[Herb of Grace by Rosa Nouchette Carey]@TWC D-Link book
Herb of Grace

CHAPTER I
12/13

"Well, Herrick, what do you say about putting me up?
There are two or three things I want to do in town, and it is a bore staying on at the Briars now old Fred has gone." "When do you want to come to me ?" asked Malcolm.

"I am to sleep at Queen's Gate the next two nights, and I have promised to take Miss Sheldon out to-morrow.

She is my mother's adopted daughter, you know--Anna Sheldon.

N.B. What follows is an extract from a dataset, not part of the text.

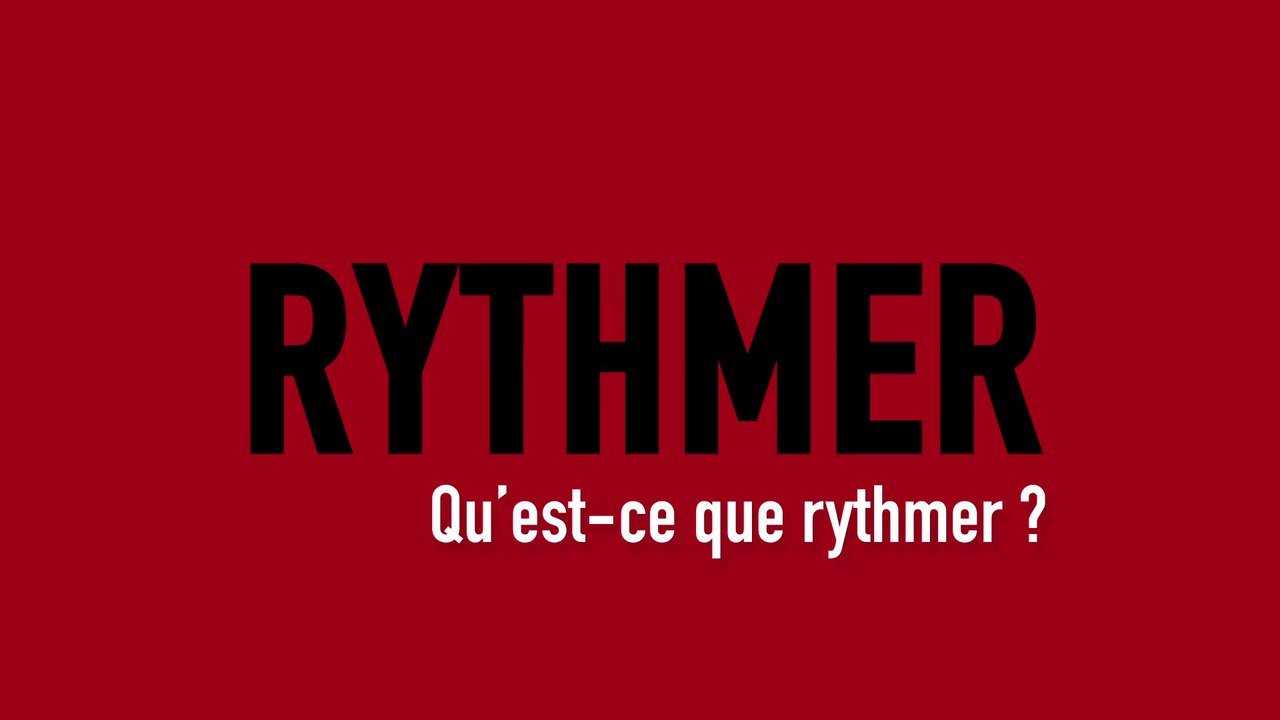 MOOC L’art moderne et contemporain en 4 temps - RYTHMER - Qu'est-ce que rythmer ?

I have often mentioned her to you." Then Cedric nodded.
"I shall be back at Chelsea on Friday, if you like to come to me then; but the guest-chamber is remarkably small--at present it holds all my lumber and little else." But as Cedric professed himself indifferent on the subject of his own comfort--an assertion that drew a covert smile from his friend's lips--the matter was soon settled.
An animated conversation ensued, consisting mainly of a disjointed monologue on Cedric's part; for Malcolm Herrick only contributed a laconic remark or question at intervals, but there was a kindly gleam in his eyes as he listened, as though the fair, closely-cropped head lying back on the shabby cushion, with the eager bright young face, was a goodly spectacle.
At first sight the friendship between these two men seemed singularly ill-assorted; for what possible affinity could there be between a thoughtful, intellectual man like Malcolm Herrick, with his habitual reserve, his nature refined, critical, and yet imaginative, with its strong bias to pessimism, and its intolerance of all shams, and Cedric, with his facile, pleasure-loving temperament, at once indolent and mercurial--a creature of moods and tenses, as fiery as a Welshman, but full of lovable and generous impulses?
The disparity between their ages also seemed to forbid anything like equality of sympathy.

Malcolm was at least eight or nine years older, and at times he seemed middle-aged in Cedric's eyes.